# Hadrian's Wall camping



## bromleyxphil (May 4, 2010)

Hi

We are on a trip up to the north east next week and thought we would break the journey at Hadrian's Wall. Any suggestions for wild camping or CL's. Close to the wall. It may be very late when we get up there so a wild camping spot may be best.

Phil


----------



## Bubblehead (Mar 5, 2007)

We stayed at a site in the middle of Belingham a couple of years ago, all grass but firm, on a farm and has loads of chickens running around.

Its a little to the north of the wall but may suit

A possible wild camping spot is a Cawfields quarry, havnt been for many years and dont know if their is now a height barrier.

Also some good sized laybys at the west end prior to the M6

Andy


----------



## andrewball1000 (Oct 16, 2009)

Hexham - Greencarts Farm

Humshaugh, Hexham, Northumberland, NE46 4BW.

Tel: 01434 681320

We stayed here last September.
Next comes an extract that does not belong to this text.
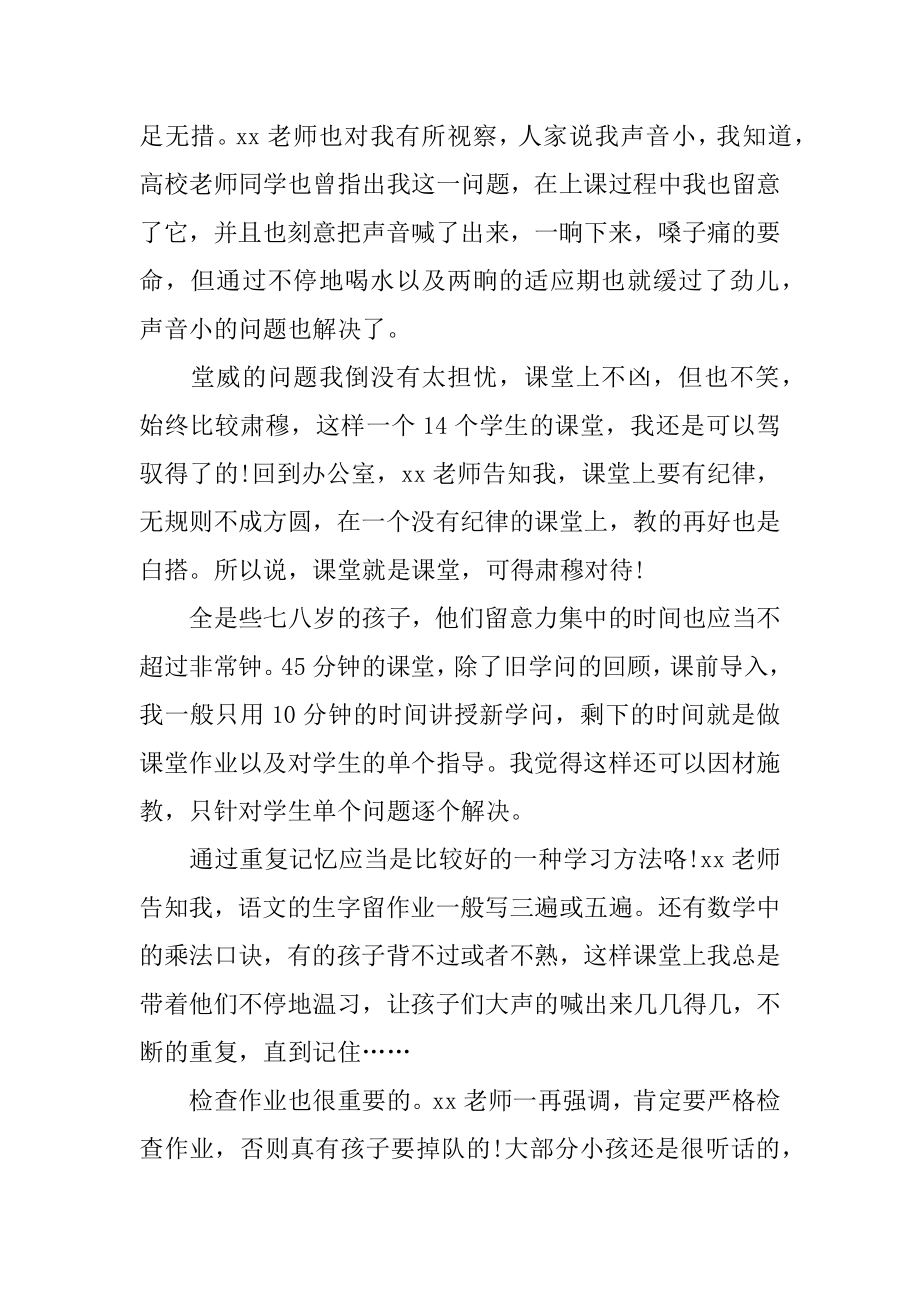 大学生假期家教社会实践报告优质.docx_第2页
You can walk to the wall in 5 minutes from the site. It's a CCC Cs but separately they are a bunk house for wall walkers and a number are in tents. Not sure if the have electric hookup but we never use one.

A lot of the wall has been robbed out but this is near some that is standing, albeit only 5 to 6ft high. Pics of the site from the wall with my van

Andrew


----------



## boringfrog (Sep 22, 2006)

*Near Greenhead*

Click here


----------



## patnles (Oct 26, 2006)

We don't do wild camping so can't help with that but there's a small campsite at Heddon-on-the-Wall called Hadrians Wall Campsite (also known as Belvedere Campsite) about 10 miles west of Newcatle-on-Tyne. It's all grass but I'm told it's well drained. 
map The campsite is the first property coming from the right.
Lesley


----------



## StewartJ (Nov 20, 2009)

Whereabouts in Northumberland are you intending visiting as there is an awful lot of wall?

Stewart


----------